THEIR MUCH SPEAKING.
he ‘dreary drip of dilatory declamation’ to which Lord Salisbury, in one of his happiest phrases, once drew attention, shows no sign of exhaustion, or even of diminution; and the Conservative chief has followed up his admirable epigram by picturing the time when, all rational discussion and all beneficial legislation being out of the question, the House of Commons may become a mere mechanical puppet-show, and may present the spectacle of ‘a steam Irish Party, an electric Ministry, and a clockwork Speaker.’ It is certain that there never was so much talk in the Lower House as at the present moment; but it is also certain that the complaint of ‘much speaking’ has before now been frequently preferred against both Chambers.
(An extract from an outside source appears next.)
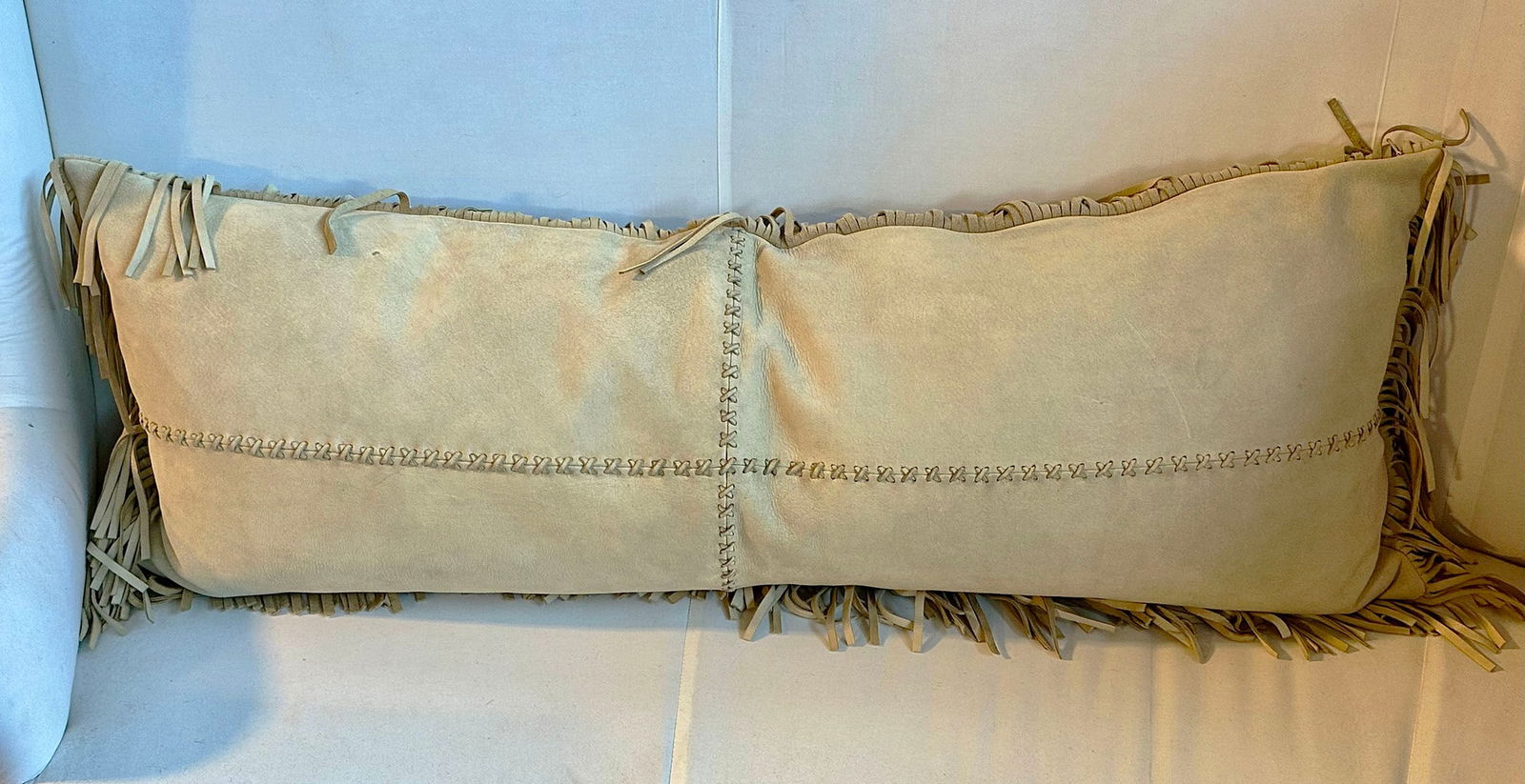 Ralph Lauren Joshua Tree Pillow (1 of 6)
Politicians have always been a wordy race, and many a sharp shaft has been aimed at their besetting weakness. A last-century satirist once wrote:
‘“Do this,” cries one side of St. Stephen’s great hall;
“Do just the reverse,” the minority bawl....
And what is the end of this mighty tongue-war?
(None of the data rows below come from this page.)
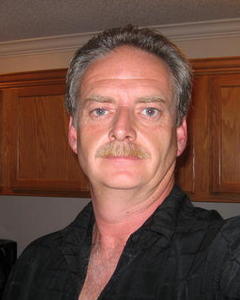 Man, 63. randy6121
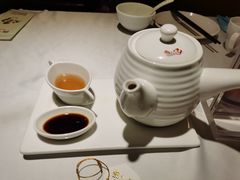 -尚一汤 广东炖汤(金桥国际店)
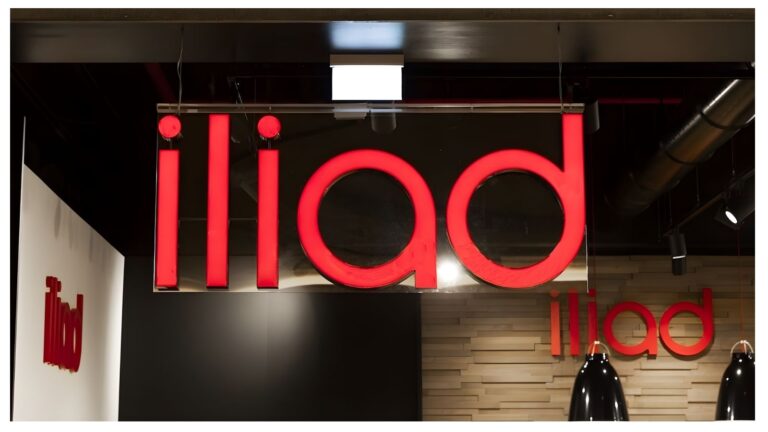 Iliad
—Nothing’s done for the State till the State is done for!’
And, unfortunately, the quality of the talk has often been as poor as the quantity was considerable. It was, we believe, a pre-Victorian pen which perpetrated this couplet on the House of Commons:
‘To wonder now at Balaam’s ass were weak:
Is there a night that asses do not speak?’
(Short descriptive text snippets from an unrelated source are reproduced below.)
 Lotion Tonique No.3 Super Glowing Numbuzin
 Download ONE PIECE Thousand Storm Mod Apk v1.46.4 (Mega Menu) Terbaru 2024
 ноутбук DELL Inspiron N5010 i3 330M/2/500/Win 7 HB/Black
Fun has constantly been made of the typical drawbacks of political oratory—of the dull men, of the heavy, of the shallow, of the unintelligible, and what not. We have been told how ‘a lord of senatorial fame’ was known at once by his portrait, because the painter had so ‘play’d his game’ that it ‘made one even yawn at sight.’ It has been said of an M.P., that his speeches ‘possessed such remarkable weight’ that it was ‘really a trouble to bear them.’ Of a third it was written that his discourses had some resemblance to an hour-glass, because, the longer time they ran, the shallower they grew. Of yet another orator we read that his reasoning was really deep, his argument profound, ‘for deuce a bit could anybody see the ground.’ Nor have certain historical personages been able to escape the lash. When Admiral Vernon was appointed to take charge of the herring fishery, Horace Walpole wrote:
‘Long in the Senate had brave Vernon rail’d,
And all mankind with bitter tongue assail’d;
Sick of his noise, we wearied Heav’n with pray’r
In his own element to place the tar.
The gods at length have yielded to our wish,
And bade him rule o’er Billingsgate and fish.’
From which it will be gathered anew that a somewhat bitter style of debate is no novelty in this country—that strong language has been heard in the House of Commons ante Agamemnona.